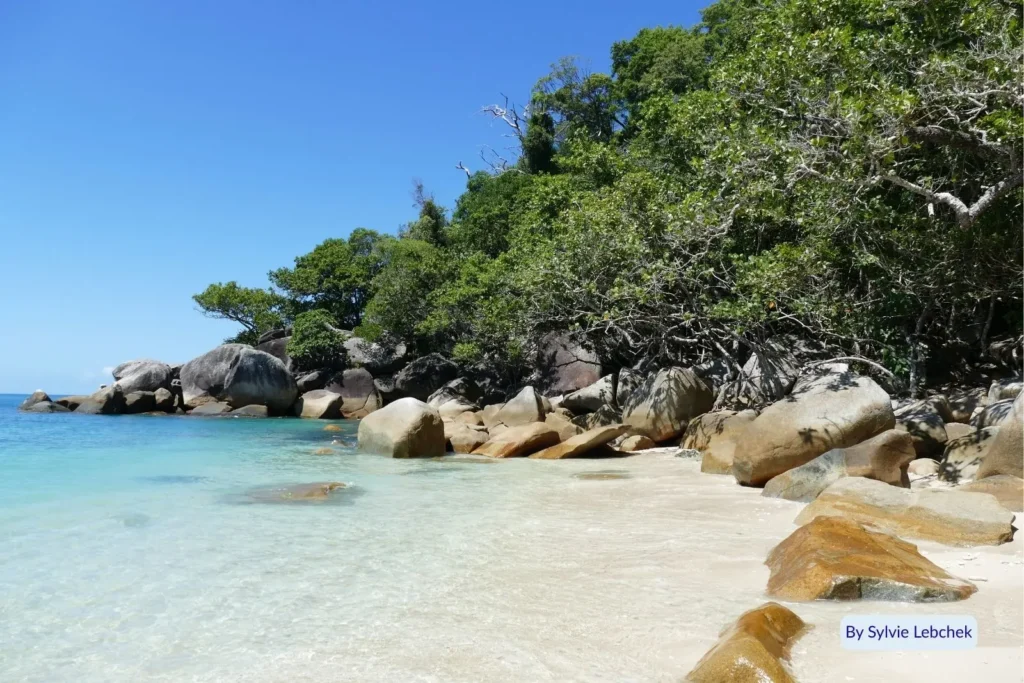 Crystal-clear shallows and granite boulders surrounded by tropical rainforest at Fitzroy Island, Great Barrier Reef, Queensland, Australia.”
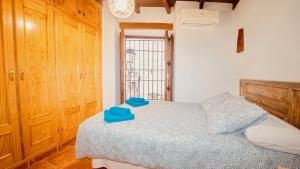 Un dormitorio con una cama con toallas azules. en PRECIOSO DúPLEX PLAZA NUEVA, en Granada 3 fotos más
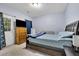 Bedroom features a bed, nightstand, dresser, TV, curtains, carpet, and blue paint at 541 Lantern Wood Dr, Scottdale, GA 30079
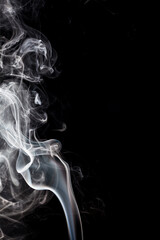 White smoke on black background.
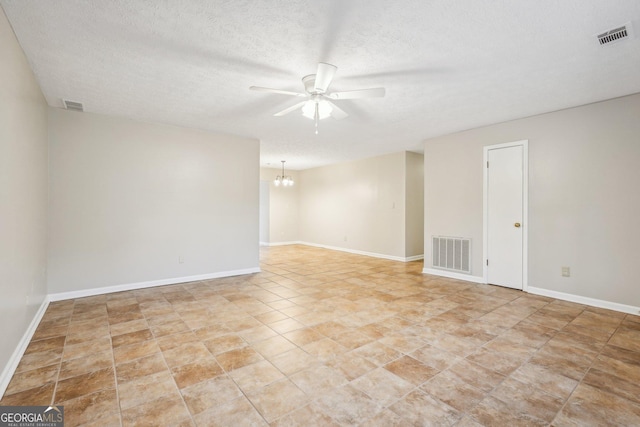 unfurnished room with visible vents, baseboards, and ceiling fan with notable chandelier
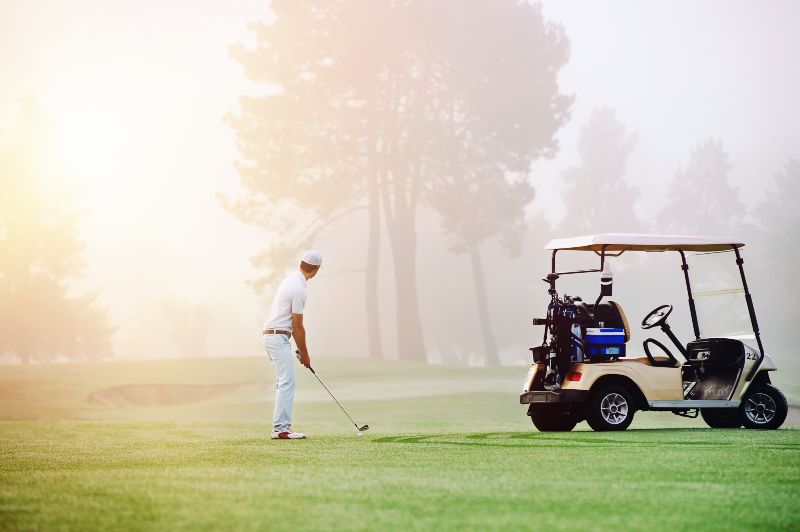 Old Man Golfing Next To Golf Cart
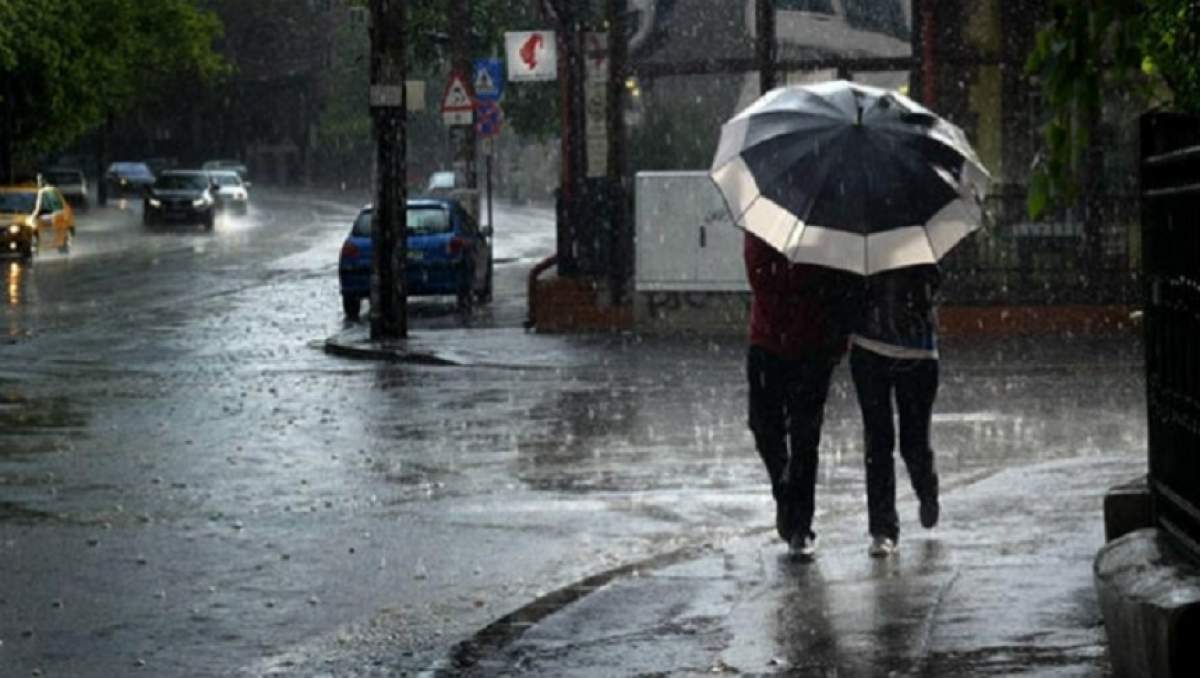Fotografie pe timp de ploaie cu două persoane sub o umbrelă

PROBLEM TO WORK ON = All that the answer may contain is the exact text of the lines from the one with "Un dormitorio con" through the last line of the material, pictures excluded.

EXERCISE RESULT =
 Un dormitorio con una cama con toallas azules. en PRECIOSO DúPLEX PLAZA NUEVA, en Granada 3 fotos más
 Bedroom features a bed, nightstand, dresser, TV, curtains, carpet, and blue paint at 541 Lantern Wood Dr, Scottdale, GA 30079
 White smoke on black background.
 unfurnished room with visible vents, baseboards, and ceiling fan with notable chandelier
 Old Man Golfing Next To Golf Cart
Fotografie pe timp de ploaie cu două persoane sub o umbrelă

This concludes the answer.